(Task directions): Look below for the line with "Cabeceira Sofia 195cm" and the line with "슬릿 라운드넥 페플럼 재킷 (MELANGE NAVY)". Copy exactly those two lines and every line between, but not the pictures.

(Source records):
=======

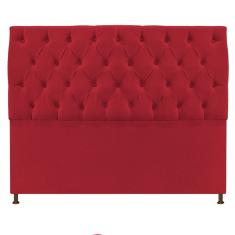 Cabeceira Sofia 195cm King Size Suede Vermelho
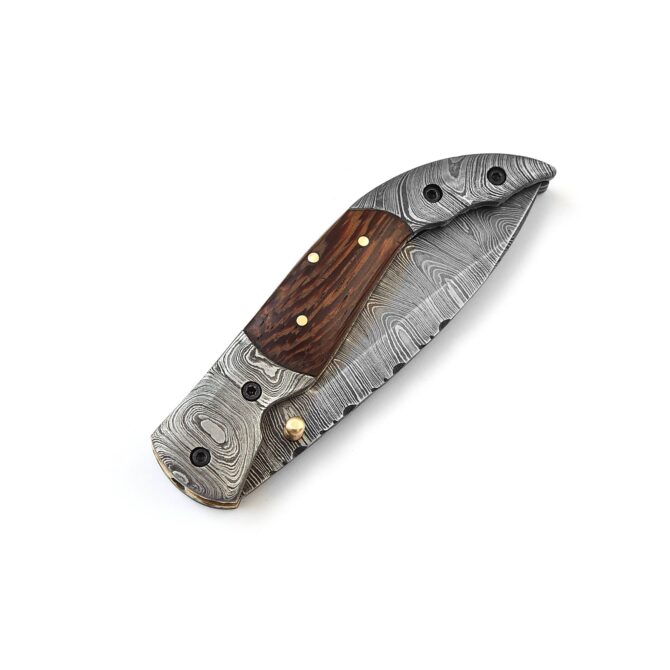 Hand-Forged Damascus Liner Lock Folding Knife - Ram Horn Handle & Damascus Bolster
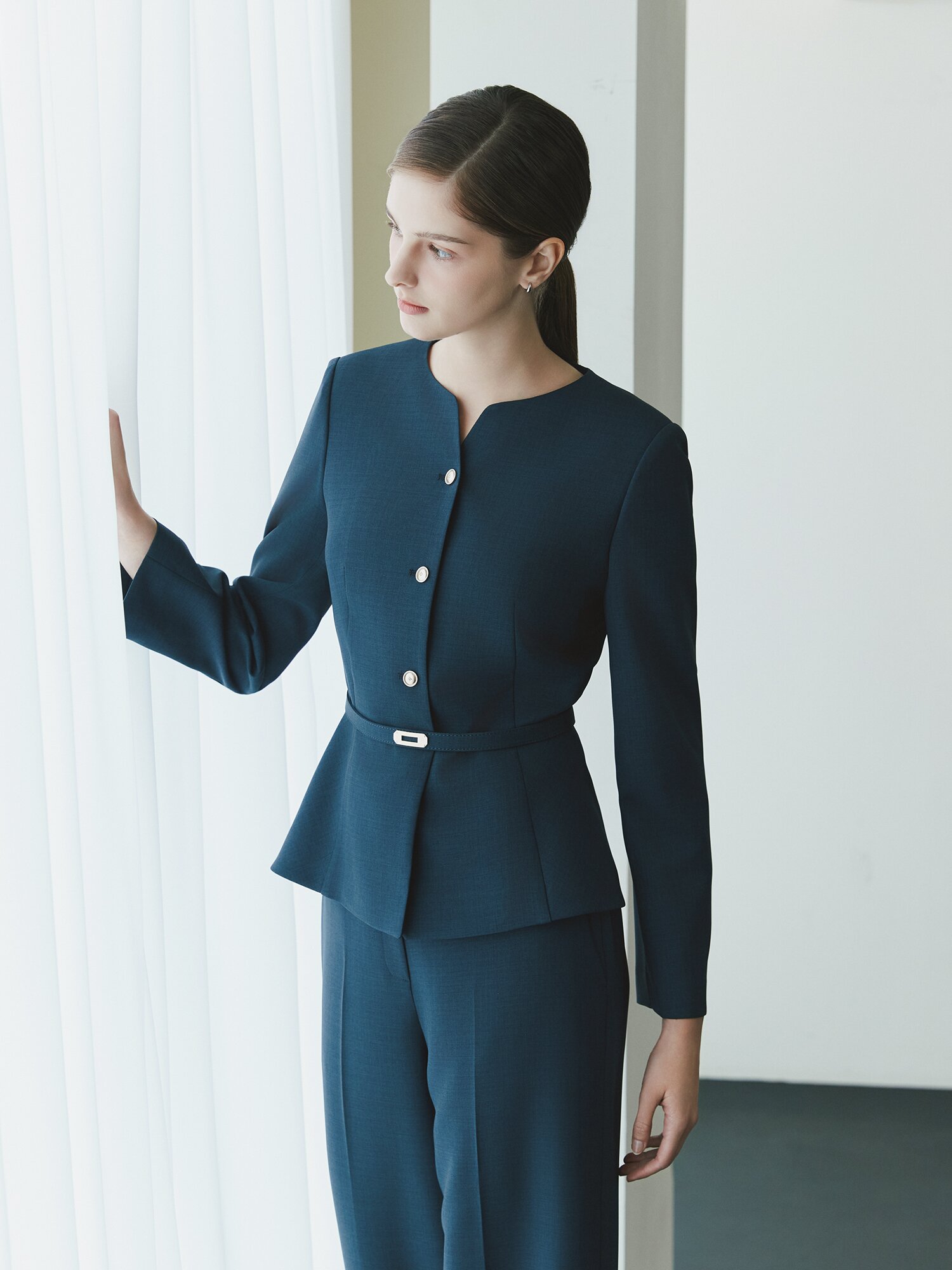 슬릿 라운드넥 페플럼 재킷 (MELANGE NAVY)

=======

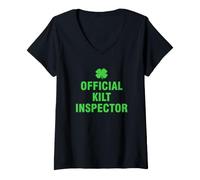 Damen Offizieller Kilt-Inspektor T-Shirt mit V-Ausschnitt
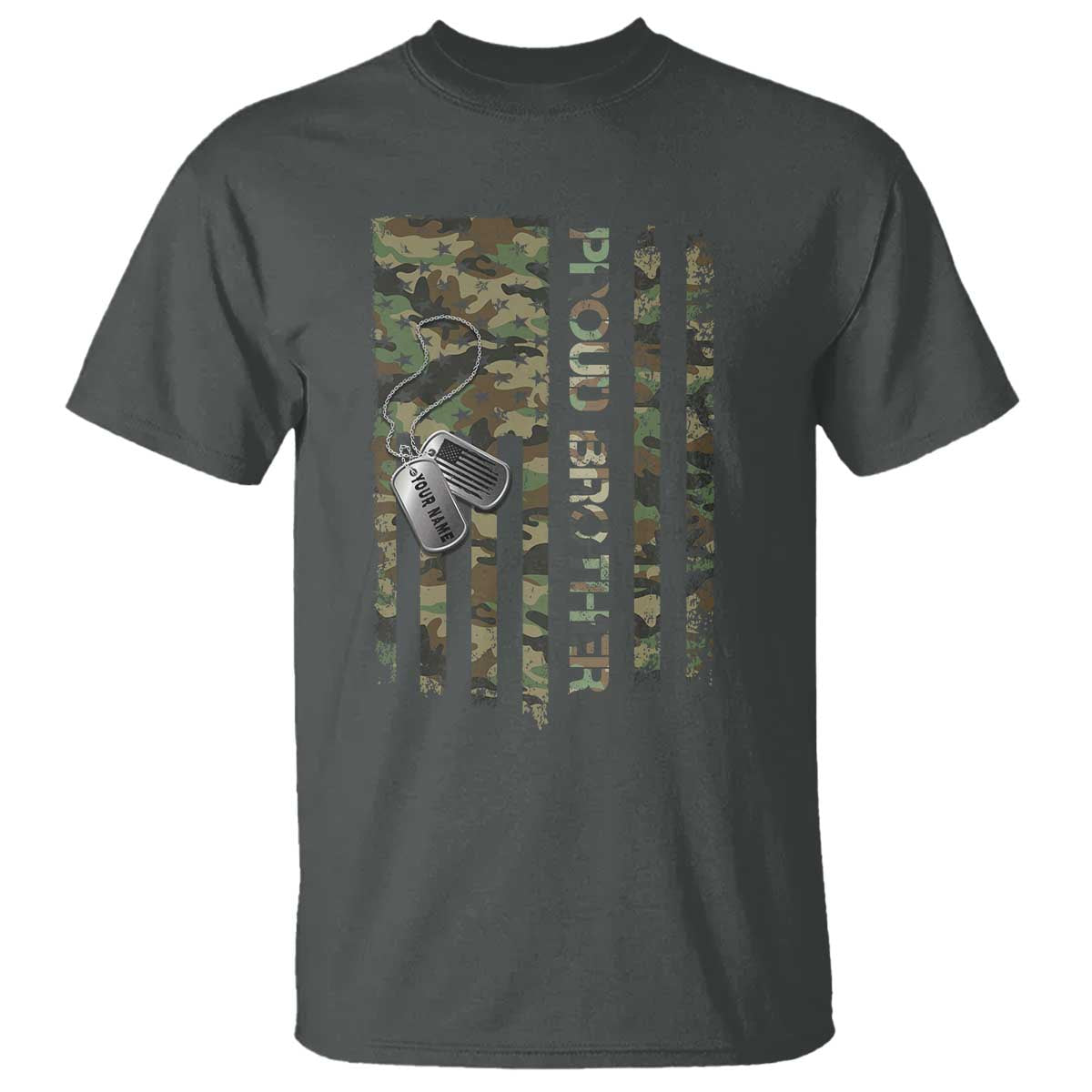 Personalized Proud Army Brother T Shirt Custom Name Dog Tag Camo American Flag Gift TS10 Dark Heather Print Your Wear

=======

(Answer for the task):
 Cabeceira Sofia 195cm King Size Suede Vermelho
 Hand-Forged Damascus Liner Lock Folding Knife - Ram Horn Handle & Damascus Bolster
 슬릿 라운드넥 페플럼 재킷 (MELANGE NAVY)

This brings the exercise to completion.